Elle se trouve à Puidoux au bord du lac
Léman, dans le bureau du fondateur Serge Baud et montre
Baud à la descente dans un couloir de neige ancienne
terriblement étroit et raide. Nu comme un ver.
Après les designs fous
« Fantasy Island » des
années précédentes, le minimalisme
domine aujourd’hui
chez Movement : du noir
noble avec des touches de
couleur ciblées.
Avec une approche peu conventionnelle et une concentration
sur ses propres forces, Movement s’est construit
un nom à forte résonance dans le créneau des skis de
randonnée. À une époque où chaque marque avait exactement
un seul ski de randonnée dans son assortiment,
droit comme un i et relativement léger, Serge Baud, ancien
coureur de ski et pionnier du snowboard, s’essayait
à la transmission du principe de surf sur la neige sur les
skis. « Il a senti que la pratique du snowboard pourrait
faiblir. L’idée de transférer le principe de portance sur
les skis était bien sûr géniale – et aussi qu’il ait trouvé
d’autres personnes qui y croyaient », raconte Jean-Pierre
Erni, un des premiers collaborateurs chez Movement et
qui s’occupe aujourd’hui de la distribution.

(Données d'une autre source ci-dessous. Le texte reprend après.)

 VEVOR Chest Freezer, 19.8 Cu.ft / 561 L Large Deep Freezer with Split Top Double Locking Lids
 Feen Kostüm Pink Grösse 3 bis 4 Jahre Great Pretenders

Baud a avant tout su convaincre le papa de son ami Jean-François,
Richard Cattaneo, un entrepreneur dans le secteur de la
mode. C’est déjà en 1990 que Cattaneo a commencé à investir
dans l’entreprise de snowboard Wild Duck SA. 1999
sera l’année de naissance de la marque de ski Movement.
Dès le début, il s’agissait de construire des skis pour le
terrain : skis de randonnée, skis freeride, l’essentiel était
d’avoir quelque chose pour la poudreuse. Déjà deux ans
plus tard, la première série de skis sort de la fabrique
avant qu’en 2004 survienne le grand coup. « Le Red Apple
était, à l’époque, le ski qu’on n’avait pas le droit de faire »,
rigole Erni. C’était le premier ski de randonnée ayant
plus de 70 millimètres au patin. Une idée à la fois peu
conventionnelle et couronnée de succès : le « Red Apple »

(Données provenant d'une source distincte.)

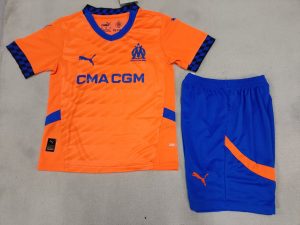 2024/2025 Kids Size Olympique de Marseille Third Away Football Jersey 1:1 Thai Quality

était orné d’une pomme, en référence au héros national
Tell. Grâce à la bonne portance et au plaisir facilité à la
descente, ce ski est devenu tellement populaire, qu’on ne
parlait plus que de « la marque à la pomme » en Suisse
Romande. Movement a donc commencé à mettre la pomme
sur tous les skis.
En plus de la pomme, le principe des skis nettement plus
larges s’est également fixé dans la tête des randonneurs.

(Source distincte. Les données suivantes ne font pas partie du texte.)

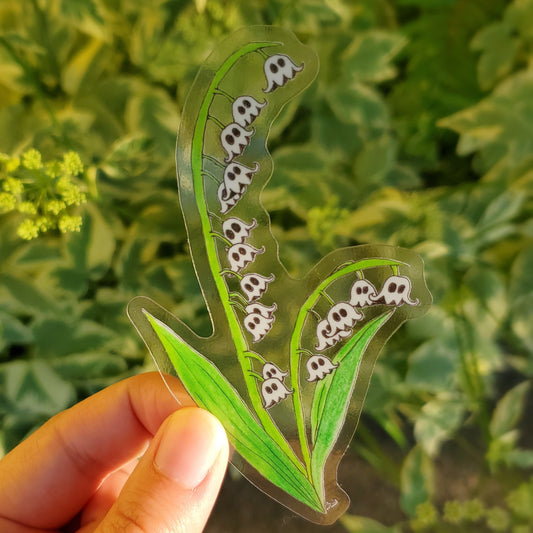 Ghost Lily Waterproof Sticker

Bien sûr aussi grâce à d’autres marques plus grandes qui
ont imité le petit Suisse et qui ont, par leur imitation, fait
un travail de marketing important en faveur du principe
de portance, comme l’admet Erni sans ambages. Que
le Red Apple ne restait pas un One-Hit-Wonder, l’entreprise
le doit à une circonstance heureuse : Cattaneo et
Baud ont réussi, dans l’année après le « Red Apple » à
racheter une production abandonnée en Tunisie. Un peu
au sud de Tunis, l’entreprise de snowboard Nidecker y
avait établi ses premières infrastructures ayant engendré
une croissance constante du savoir-faire en matière de
pressage à bois. Avec leur propre site de production, la
toute petite entreprise – le personnel à Puidoux compte
toujours seulement dix personnes – est capable de réaliser
des modèles de skis en toute indépendance. « Nous
ne serions jamais là où nous sommes, si nous n’avions
pas notre propre production, explique Erni. Si, comme de
nombreuses autres petites marques, nous devions faire
fabriquer nos skis chez d’autres fabricants nous n’aurions
jamais pu réaliser la X-Series. » Pas de fenêtre de
production serrée, pas de contraintes, pas peur d’être
copié : « C’est notre terrain de jeu et nous ne devons pas
le partager. C’est pourquoi nous rencontrons autant de
succès », affirme Erni.
Movement sait profiter de l’indépendance en matière de
production avec une capacité d’innovation étonnante.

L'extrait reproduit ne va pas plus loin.